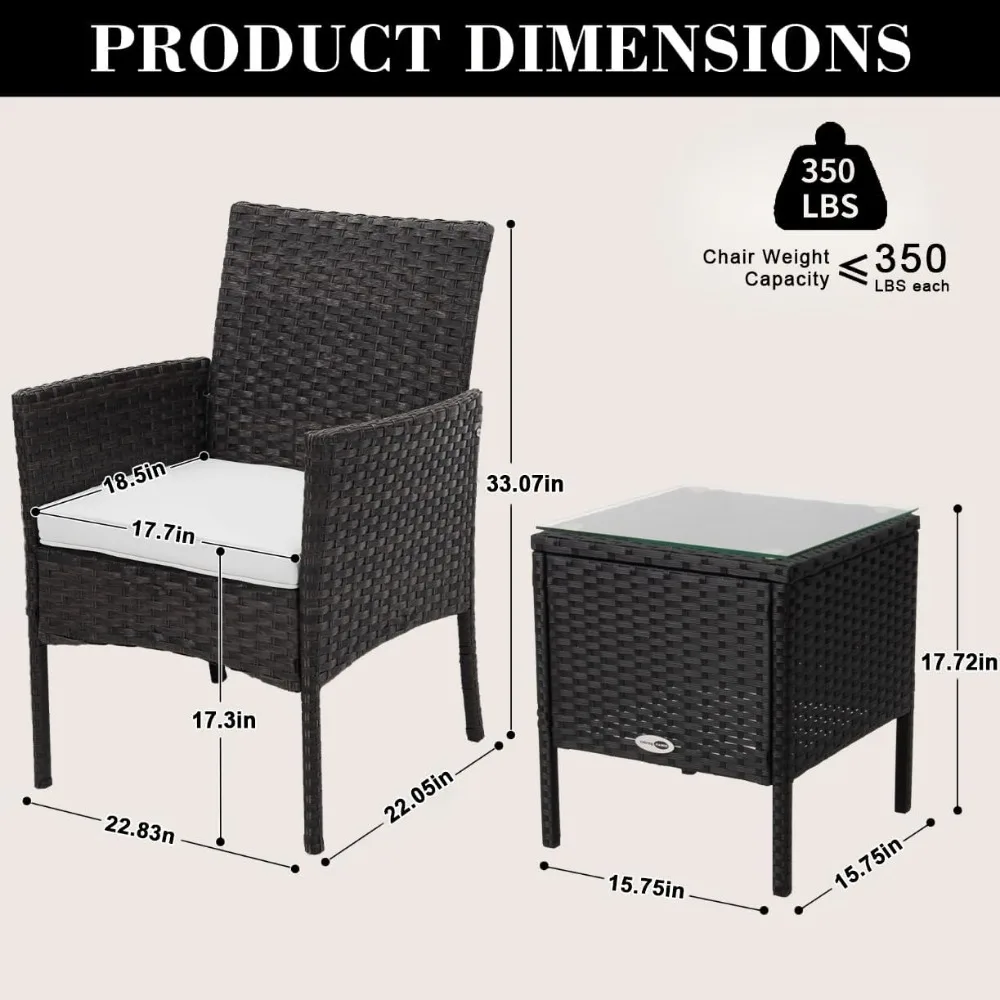 3 Stück Terrassen möbel Set, Veranda Rattan Korbs tühle mit Couch tisch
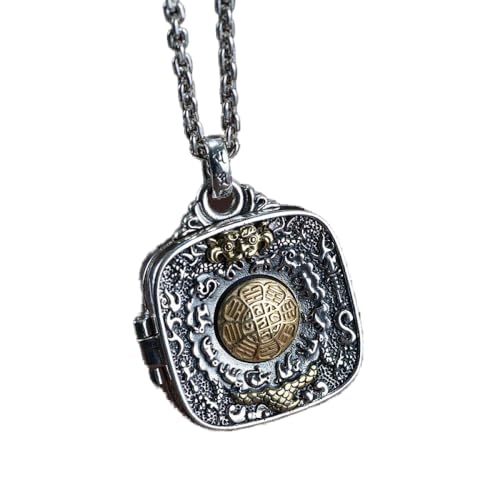 Collier Gawu Box en argent S925 rétro pendentif bouddhiste ciselé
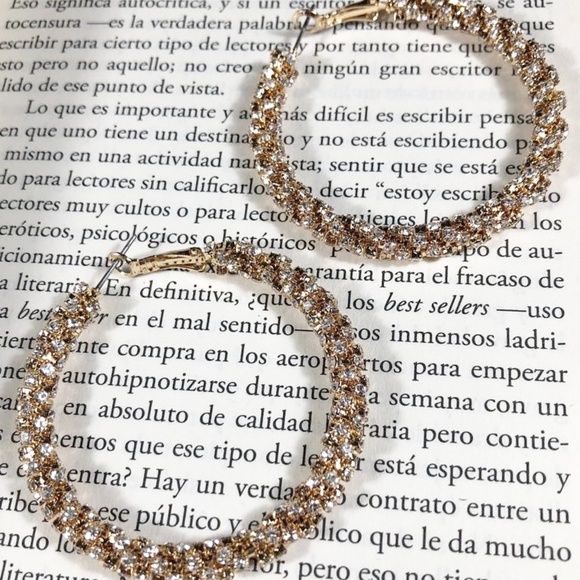 Alquimia Jewelry - GOLD JEWELED LARGE HOOP EARRINGS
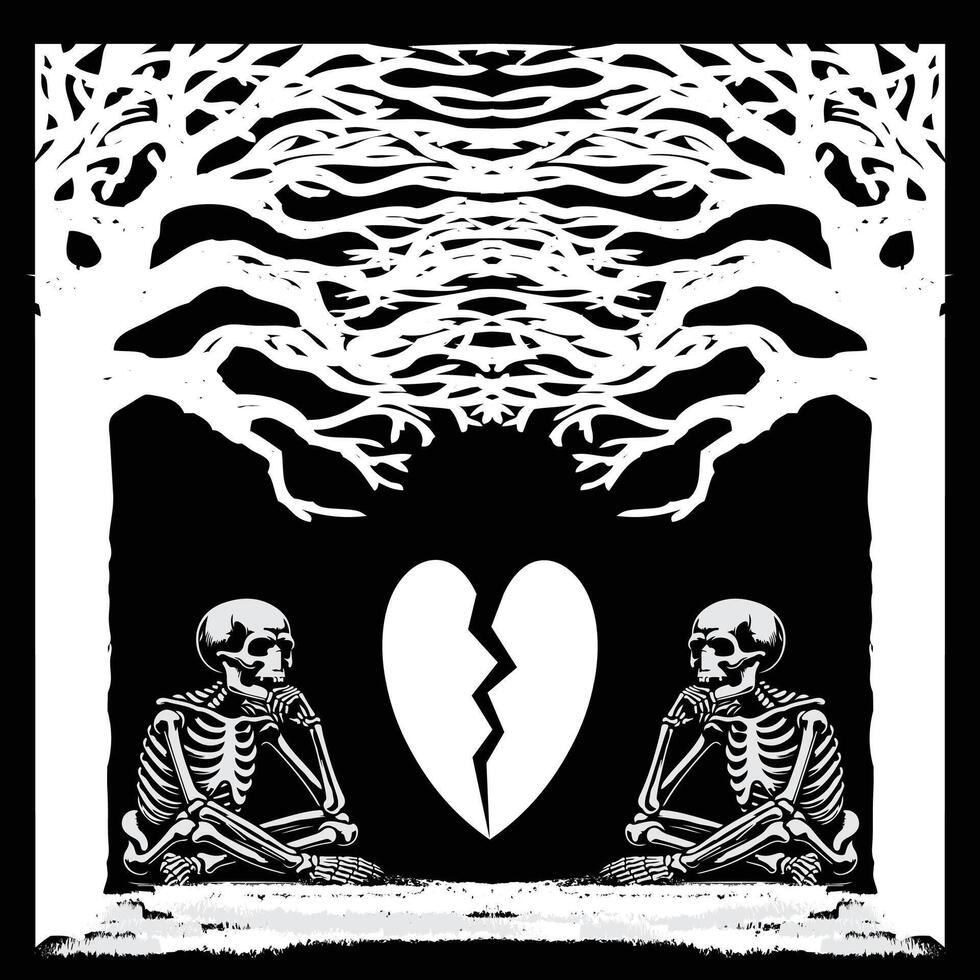 Skeletons with Broken Heart Artistic Gothic T Shirt Design vector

---

EXERCISE PROMPT: After removing the pictures, restate the whole listing above word for word.

OUTPUT:
 3 Stück Terrassen möbel Set, Veranda Rattan Korbs tühle mit Couch tisch
 Collier Gawu Box en argent S925 rétro pendentif bouddhiste ciselé
 Alquimia Jewelry - GOLD JEWELED LARGE HOOP EARRINGS
 Skeletons with Broken Heart Artistic Gothic T Shirt Design vector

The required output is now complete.